質問③④⑤
※ゼロ回参加の方からの質問にお答えしました
質問③
ミツアナグマ: 〈今〉は、時々刻々と推移していることを実感できるため、これを実感できない〈私〉とは決定的に違うのではないでしょうか?
永井:決定的に違います。しかし、この問題連関で〈今〉という問題を理解する際には、時々刻々と推移していなくてもよいのです。例えば〈今日〉とか〈今月〉で考えても、全く同じ哲学的問題が設定できます。
質問④
晃太郎:「私こそが〈私〉だ」という文章には、仮にそれが本当だとしても証明力がありません。俳優の「今は演技中じゃない」という台詞も、それ自体脚本である可能性がある以上、自分自身の真面目さを証明できません。いまこの文章を書いている私(晃太郎)がロボットではないということもそうです。これらは〈私〉の問題と何か関係があるのでしょうか?
永井:その問いは心(意識)があるかないかという通常の心身問題や他我問題と同じ水準になってしまっています。同じ問題を〈私〉であるかないかだけで捉えたのが「風間くんの質問=批判」なので、『哲学探究1』の付録で確認し、その水準で考察していただけると「何か関係がある」どころかそのものズバリとなります。
質問⑤
学:前回の範囲で恐縮なのですが、段落2に【一般的な種類がまずあって、あらゆることはその一例なのである。

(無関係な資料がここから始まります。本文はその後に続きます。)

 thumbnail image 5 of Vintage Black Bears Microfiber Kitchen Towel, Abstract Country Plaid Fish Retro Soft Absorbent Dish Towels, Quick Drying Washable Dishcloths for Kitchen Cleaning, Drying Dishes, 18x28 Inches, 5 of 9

森羅万象がそういう構造を体現しているとしたら、それはたしかに不思議なことだ。なぜ、世界はそのように出来ているのであろうか。】とありますが、これは人間は言語で思考しているため、世界はそう捉えざるを得ないからなのではないか、と考えたのですが、いかがでしょうか。
永井:そう考えることもできます。逆に何故か世界がそうなっているから言語がそうなったのだ、と捉えることも出来ます。というのは、言語だけそういう構造をしていても、世界の側にそういう種‐類構造がまったくなかったなら、その言語は使えないでしょうから。